BEGIN Material provided

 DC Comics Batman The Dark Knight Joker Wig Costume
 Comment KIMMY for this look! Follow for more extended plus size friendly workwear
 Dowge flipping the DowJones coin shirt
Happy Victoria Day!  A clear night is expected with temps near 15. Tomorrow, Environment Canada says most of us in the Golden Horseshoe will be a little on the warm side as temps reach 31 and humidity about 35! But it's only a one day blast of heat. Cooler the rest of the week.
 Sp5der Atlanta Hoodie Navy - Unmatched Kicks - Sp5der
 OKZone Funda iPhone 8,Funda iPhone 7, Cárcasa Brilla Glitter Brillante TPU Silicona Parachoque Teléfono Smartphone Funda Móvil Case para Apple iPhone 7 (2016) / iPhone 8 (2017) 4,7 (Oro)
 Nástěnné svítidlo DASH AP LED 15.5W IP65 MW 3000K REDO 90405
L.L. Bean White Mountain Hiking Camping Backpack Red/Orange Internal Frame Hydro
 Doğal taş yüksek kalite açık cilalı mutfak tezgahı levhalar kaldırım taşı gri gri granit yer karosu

END Material provided
BEGIN Material provided

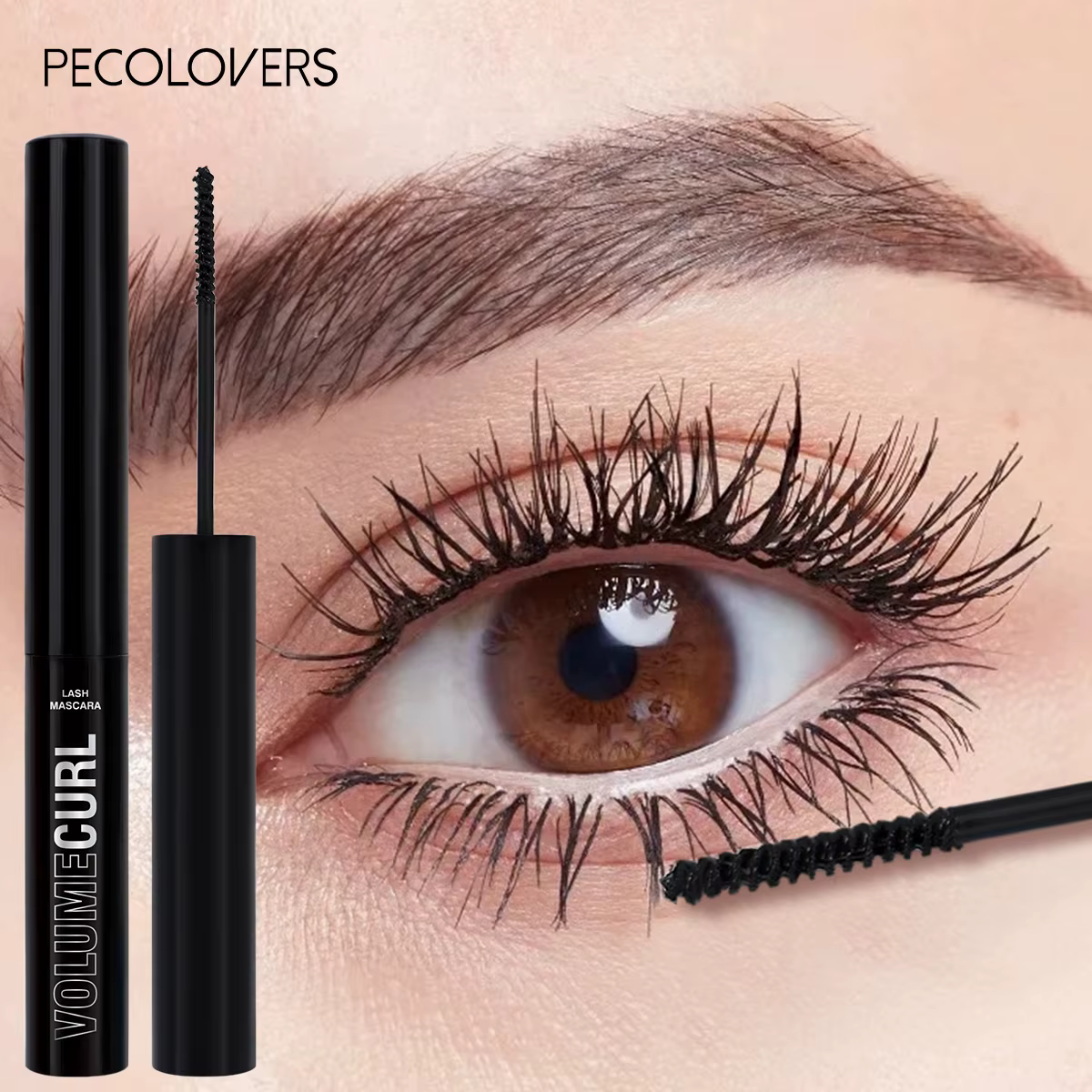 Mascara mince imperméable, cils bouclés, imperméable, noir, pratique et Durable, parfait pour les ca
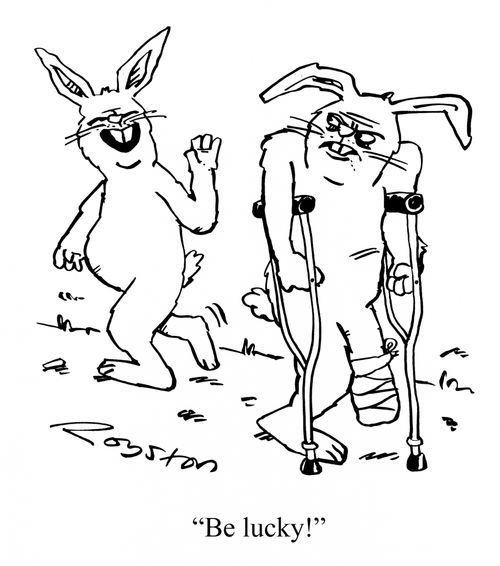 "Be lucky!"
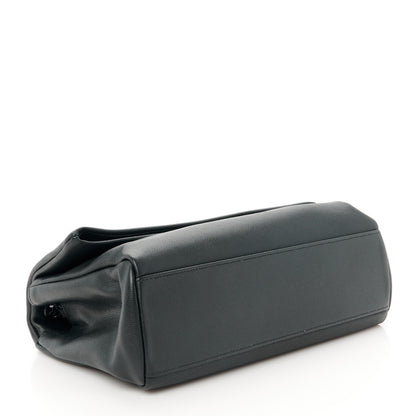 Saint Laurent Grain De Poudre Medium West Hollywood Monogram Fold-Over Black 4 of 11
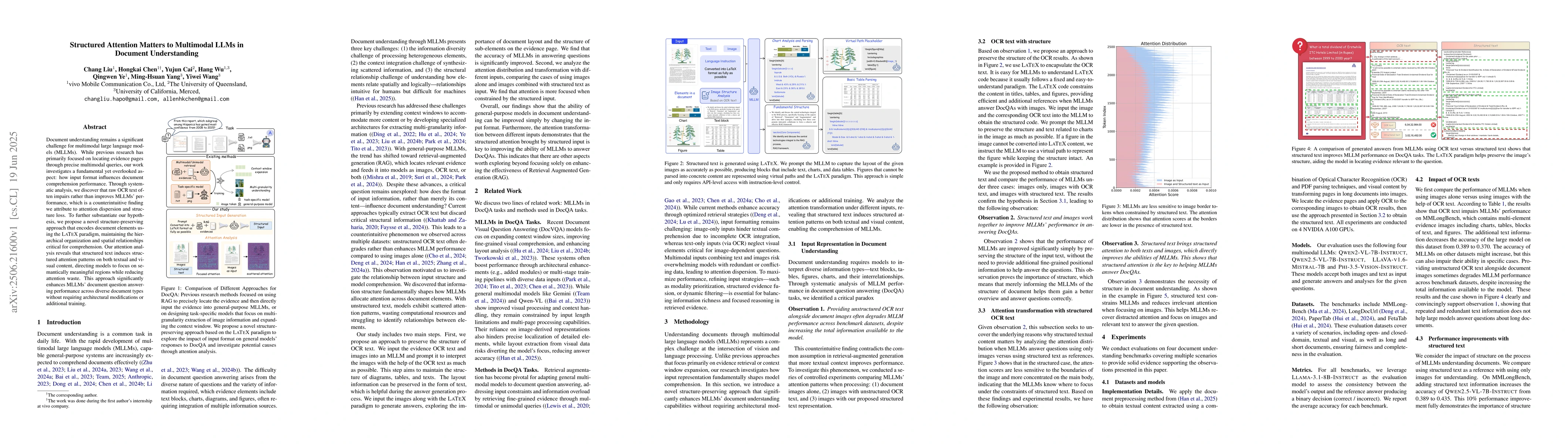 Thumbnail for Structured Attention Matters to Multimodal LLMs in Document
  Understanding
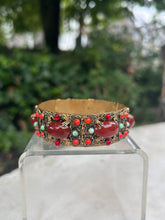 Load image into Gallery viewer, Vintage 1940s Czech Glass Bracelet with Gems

END Material provided
BEGIN Material provided

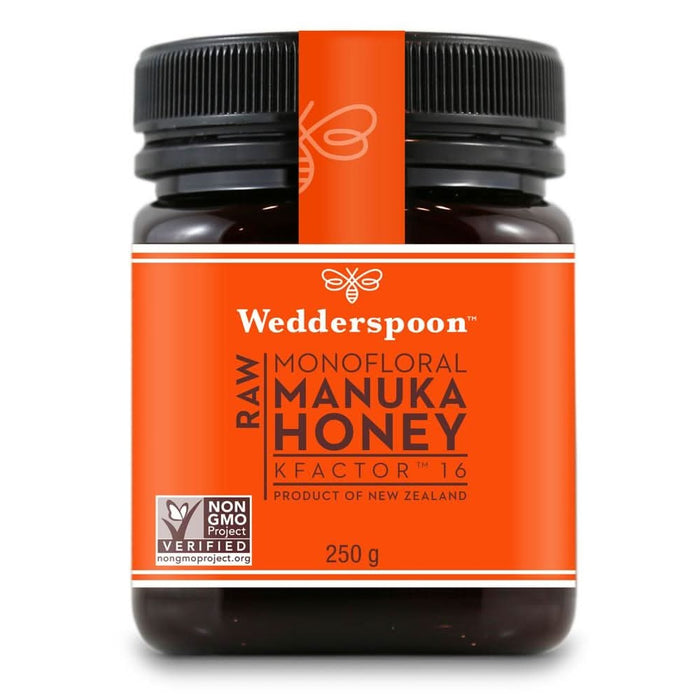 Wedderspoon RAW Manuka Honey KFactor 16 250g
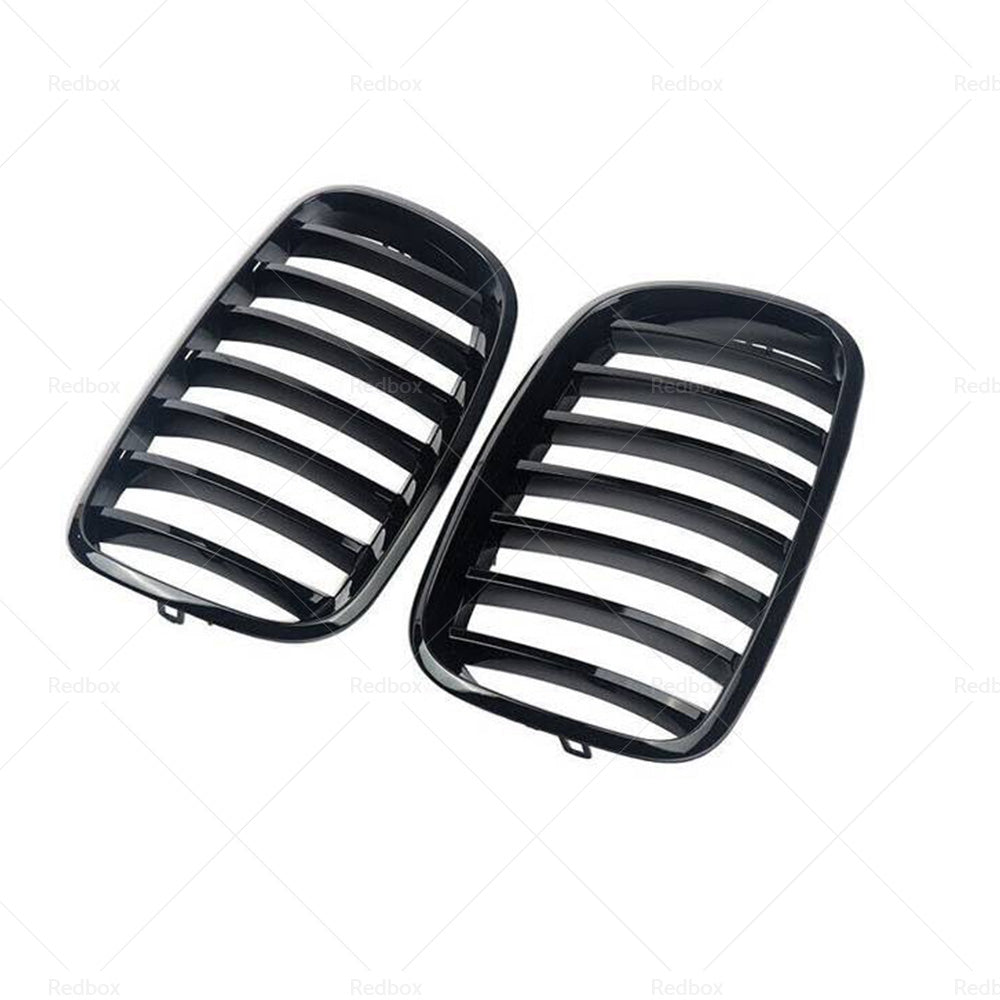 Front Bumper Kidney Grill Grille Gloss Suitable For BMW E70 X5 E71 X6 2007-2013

END Material provided

Would you output the lines above from the line holding "Understanding" up to and including the line holding "Load image into", exactly and only those, with no pictures?

▶ _Response to this task_:
  Understanding
 Load image into Gallery viewer, Vintage 1940s Czech Glass Bracelet with Gems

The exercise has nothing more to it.